§ DATA FOR THE TASK:
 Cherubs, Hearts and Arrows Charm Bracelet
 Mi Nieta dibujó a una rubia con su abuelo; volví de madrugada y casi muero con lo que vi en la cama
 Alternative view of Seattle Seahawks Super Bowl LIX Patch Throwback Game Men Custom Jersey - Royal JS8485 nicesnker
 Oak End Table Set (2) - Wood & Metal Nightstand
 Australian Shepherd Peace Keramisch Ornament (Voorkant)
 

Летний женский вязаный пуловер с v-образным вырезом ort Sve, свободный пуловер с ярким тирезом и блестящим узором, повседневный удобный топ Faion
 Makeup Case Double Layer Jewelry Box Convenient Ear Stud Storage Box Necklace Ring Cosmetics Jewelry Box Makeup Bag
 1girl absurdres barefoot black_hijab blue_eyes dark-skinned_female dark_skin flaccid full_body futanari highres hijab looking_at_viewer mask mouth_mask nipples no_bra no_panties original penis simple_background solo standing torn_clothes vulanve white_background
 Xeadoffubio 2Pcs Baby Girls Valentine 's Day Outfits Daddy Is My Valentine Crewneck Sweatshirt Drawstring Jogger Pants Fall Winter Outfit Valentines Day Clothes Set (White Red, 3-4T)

...

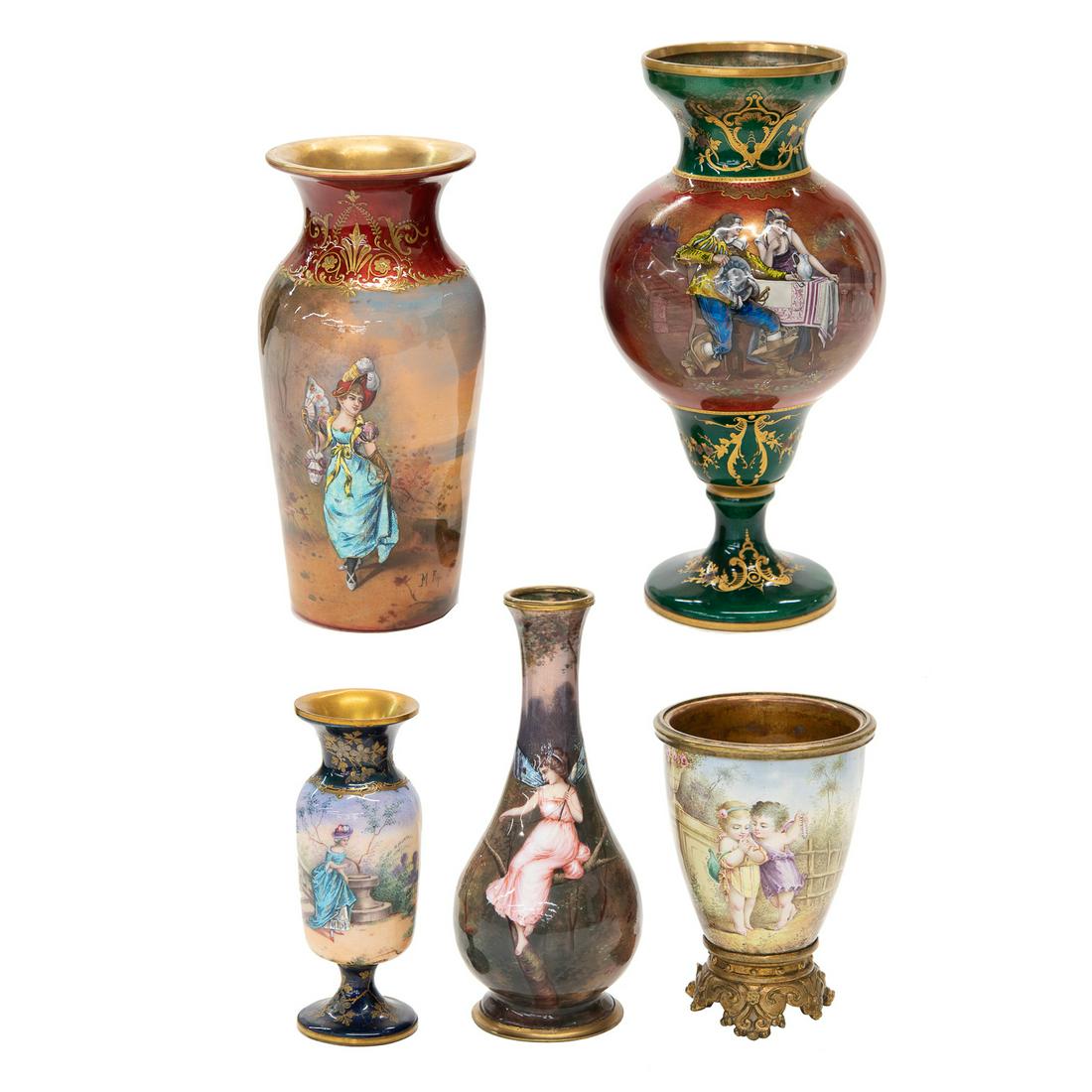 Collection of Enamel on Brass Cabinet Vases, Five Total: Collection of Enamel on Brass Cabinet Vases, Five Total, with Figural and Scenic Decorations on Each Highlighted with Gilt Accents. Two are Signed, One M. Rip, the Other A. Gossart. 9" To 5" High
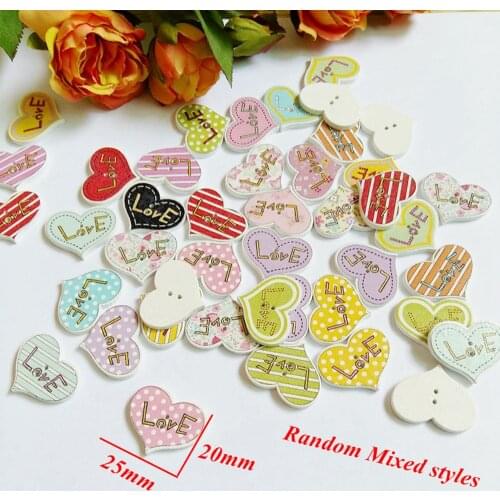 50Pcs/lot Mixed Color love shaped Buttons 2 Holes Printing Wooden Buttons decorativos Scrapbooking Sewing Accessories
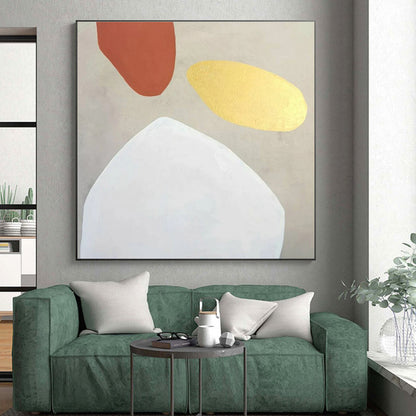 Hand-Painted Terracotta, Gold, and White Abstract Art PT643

...

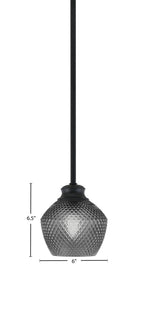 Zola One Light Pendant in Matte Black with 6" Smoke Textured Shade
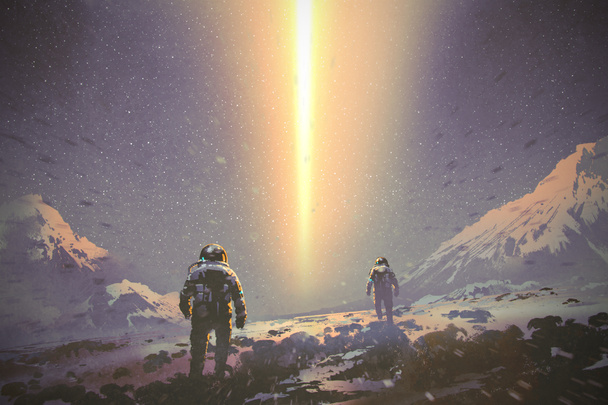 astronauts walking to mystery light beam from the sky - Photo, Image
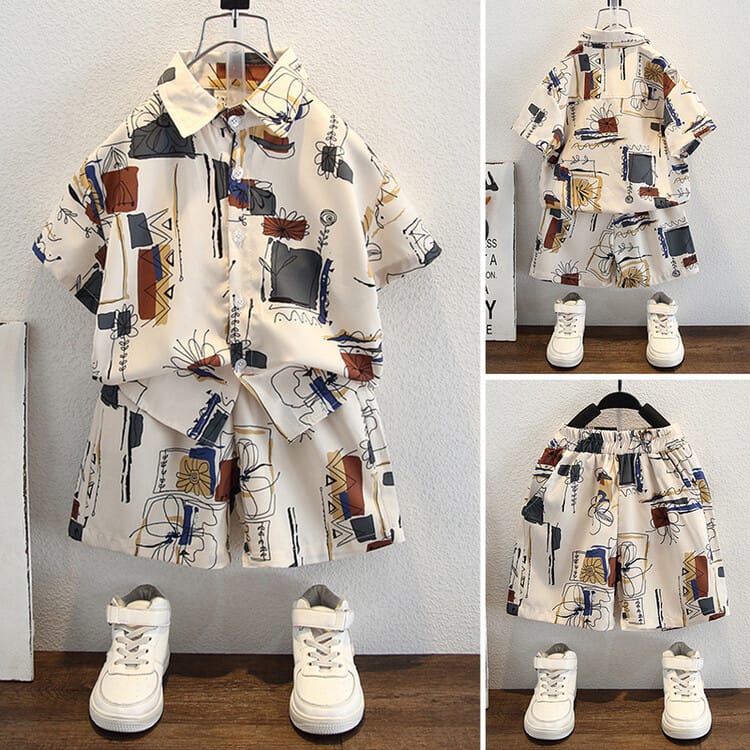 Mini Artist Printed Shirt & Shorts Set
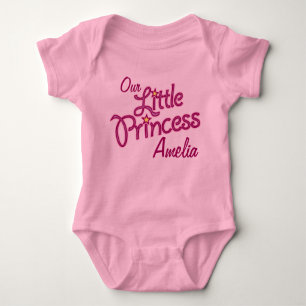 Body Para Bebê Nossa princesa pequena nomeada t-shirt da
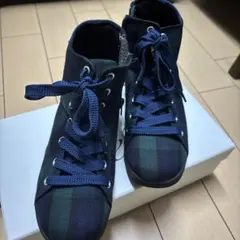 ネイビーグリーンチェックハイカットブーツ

§ DIRECTIONS:
Beginning with the line that has "Летний женский вязаный" and ending with the line that has "Makeup Case Double", set down the lines above exactly and include no others.

§ SOLUTION TO THE EXERCISE:
Летний женский вязаный пуловер с v-образным вырезом ort Sve, свободный пуловер с ярким тирезом и блестящим узором, повседневный удобный топ Faion
 Makeup Case Double Layer Jewelry Box Convenient Ear Stud Storage Box Necklace Ring Cosmetics Jewelry Box Makeup Bag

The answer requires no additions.